Requirement
Start to finish, print the data below exactly, without the images.

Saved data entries
== Segment start ==

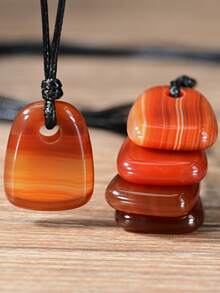 1pc Natural Red Agate Pendant Necklace Hand-Woven.Unisex Bohemian Vintage Style.Perfect For Everyday And Holidays Wear.Holiday/Birthday Presents - Multicolor - View 5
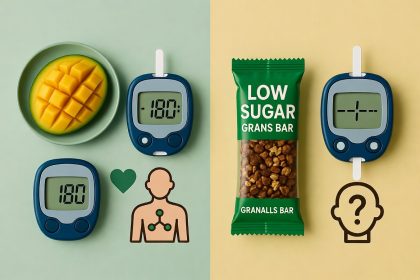 perbandingan mangga segar dan granola bar rendah gula untuk kontrol gula darah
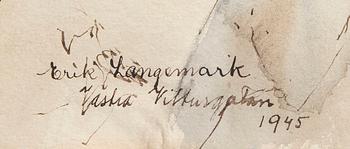 Erik Langemark, akvarell signerad  och daterad 1945.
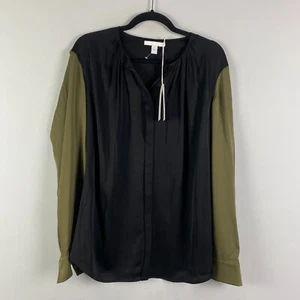 BOSS Hugo Boss Banora Printed Silk Blouse in Black & Green US Size 14 Stretch - Picture 1 of 14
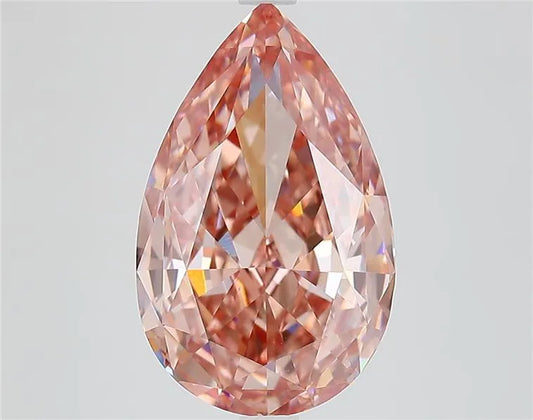 5.85ct Pear Lab Grown Diamond (Colour Fancy Vivid Brownish Pink, Clarity VS1, IGI Certified)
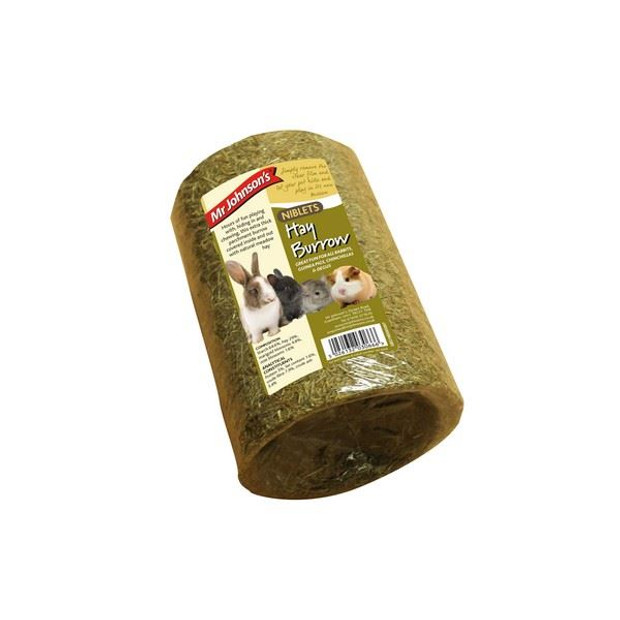 Mr Johnsons Niblets Hay Burrow with Flowers Small Animal Accessory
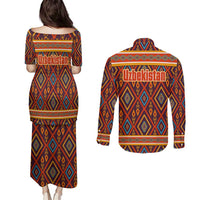 Uzbekistan Couples Matching Puletasi and Long Sleeve Button Shirt with Traditional Geometric Motif Design - Wonder Print Shop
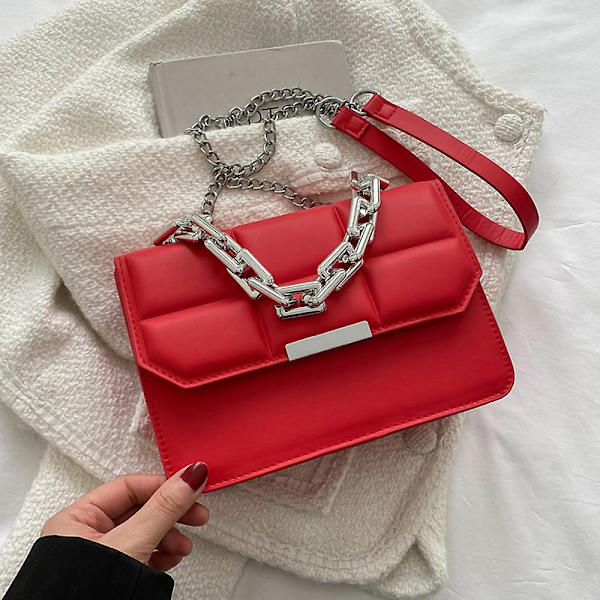 Crossbody-väskor för kvinnor Quiltad axelväska Handväska Handväska med kedjerem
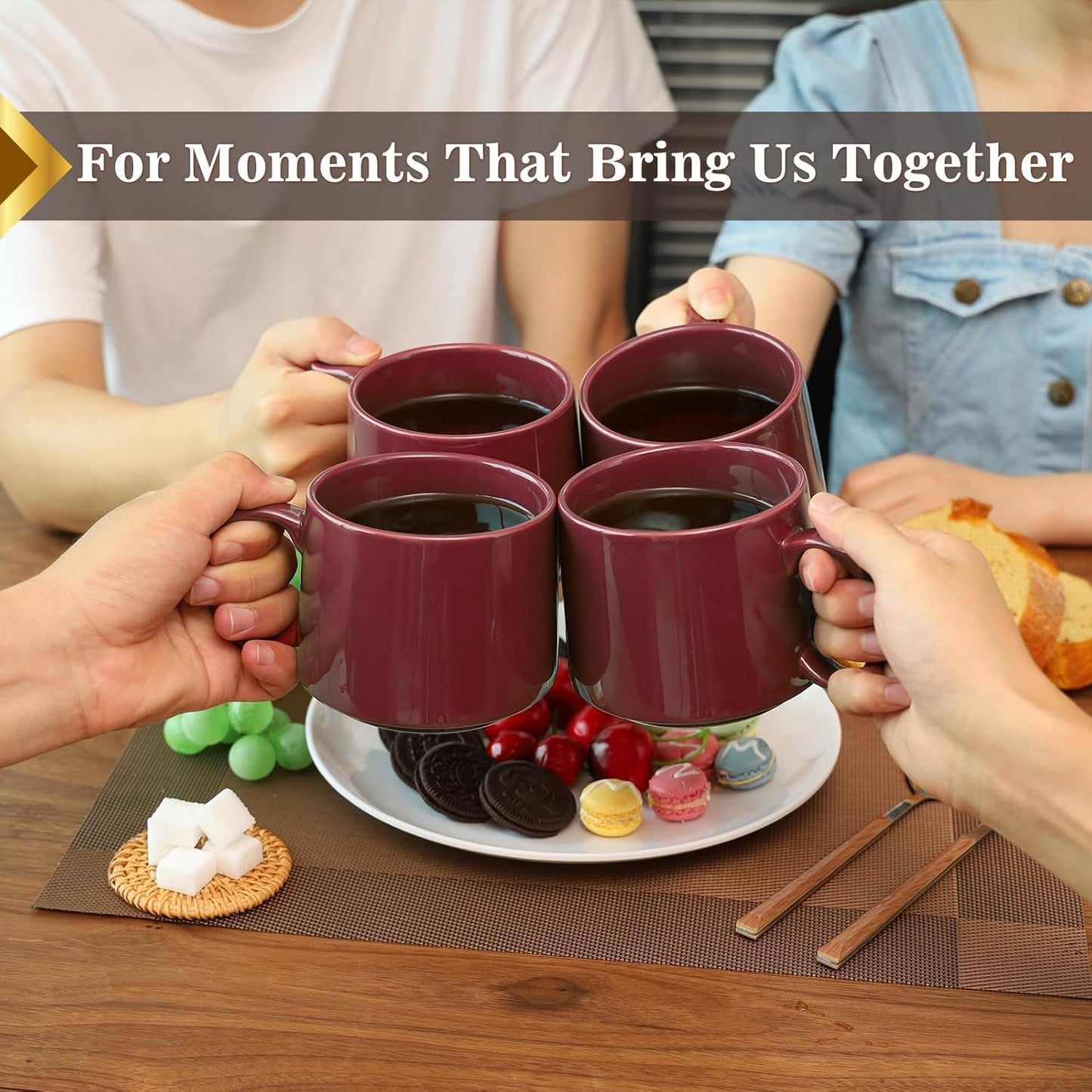 19 oz Large Coffee Mugs Set of 4, Stackable Ceramic Coffee Mugs with Large Handles for Coffee, Latte, Cappuccino, Milk, Dishwasher & Microwave Safe, Ideal for Men, Women, Dads and Moms (Red)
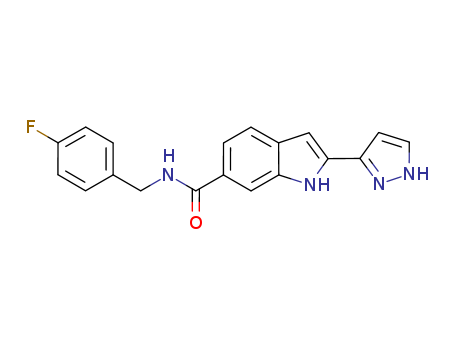 1H-Indole-6-carboxamide,  N-[(4-fluorophenyl)methyl]-2-(1H-pyrazol-3-yl)-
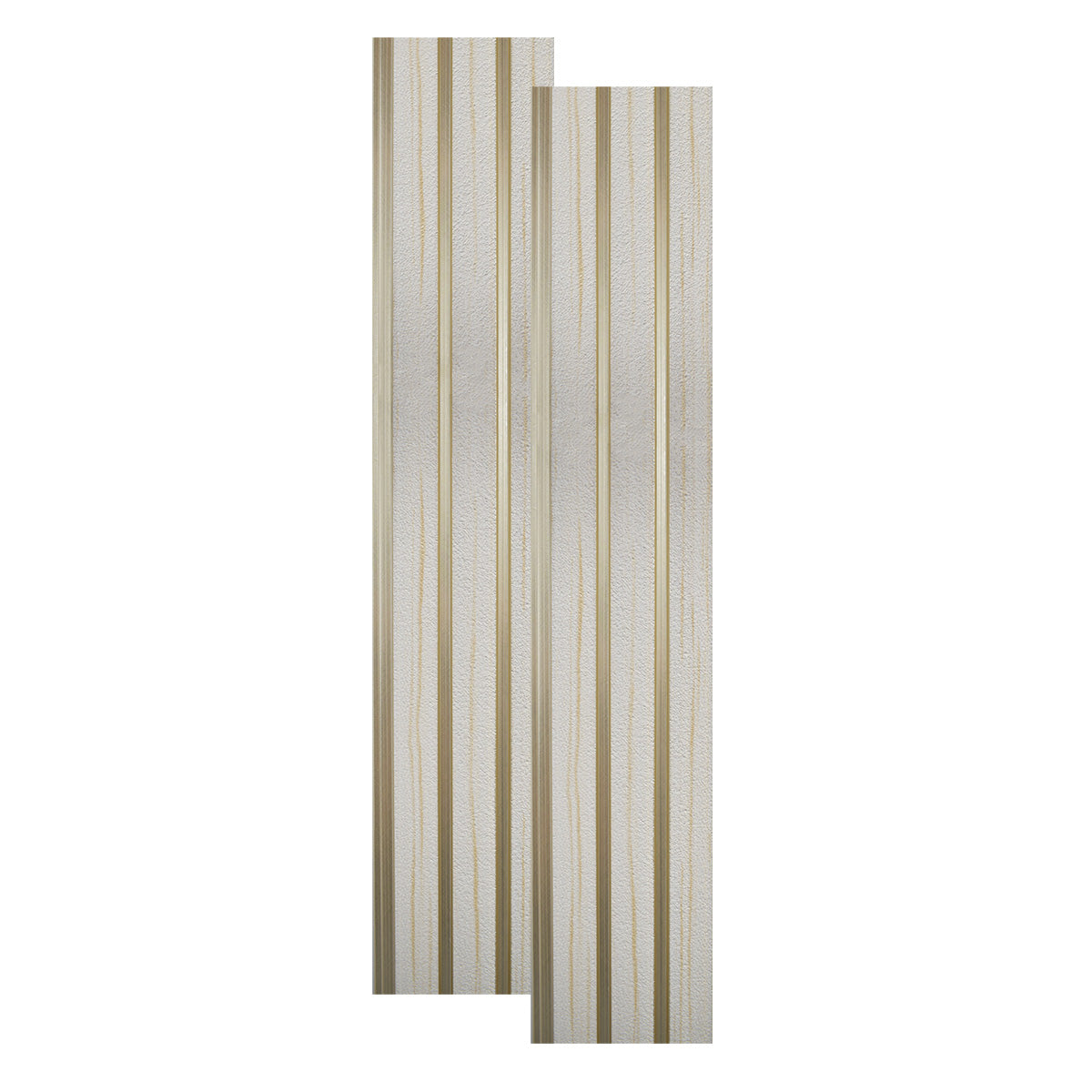 Set 2 panouri decorative, riflaj, polimer rigid, Naimeed D5479, 270x12x1cm, Alb/Auriu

== Segment end ==

Output of the exercise
 1pc Natural Red Agate Pendant Necklace Hand-Woven.Unisex Bohemian Vintage Style.Perfect For Everyday And Holidays Wear.Holiday/Birthday Presents - Multicolor - View 5
 perbandingan mangga segar dan granola bar rendah gula untuk kontrol gula darah
 Erik Langemark, akvarell signerad  och daterad 1945.
 BOSS Hugo Boss Banora Printed Silk Blouse in Black & Green US Size 14 Stretch - Picture 1 of 14
 5.85ct Pear Lab Grown Diamond (Colour Fancy Vivid Brownish Pink, Clarity VS1, IGI Certified)
 Mr Johnsons Niblets Hay Burrow with Flowers Small Animal Accessory
 Uzbekistan Couples Matching Puletasi and Long Sleeve Button Shirt with Traditional Geometric Motif Design - Wonder Print Shop
 Crossbody-väskor för kvinnor Quiltad axelväska Handväska Handväska med kedjerem
 19 oz Large Coffee Mugs Set of 4, Stackable Ceramic Coffee Mugs with Large Handles for Coffee, Latte, Cappuccino, Milk, Dishwasher & Microwave Safe, Ideal for Men, Women, Dads and Moms (Red)
 1H-Indole-6-carboxamide,  N-[(4-fluorophenyl)methyl]-2-(1H-pyrazol-3-yl)-
 Set 2 panouri decorative, riflaj, polimer rigid, Naimeed D5479, 270x12x1cm, Alb/Auriu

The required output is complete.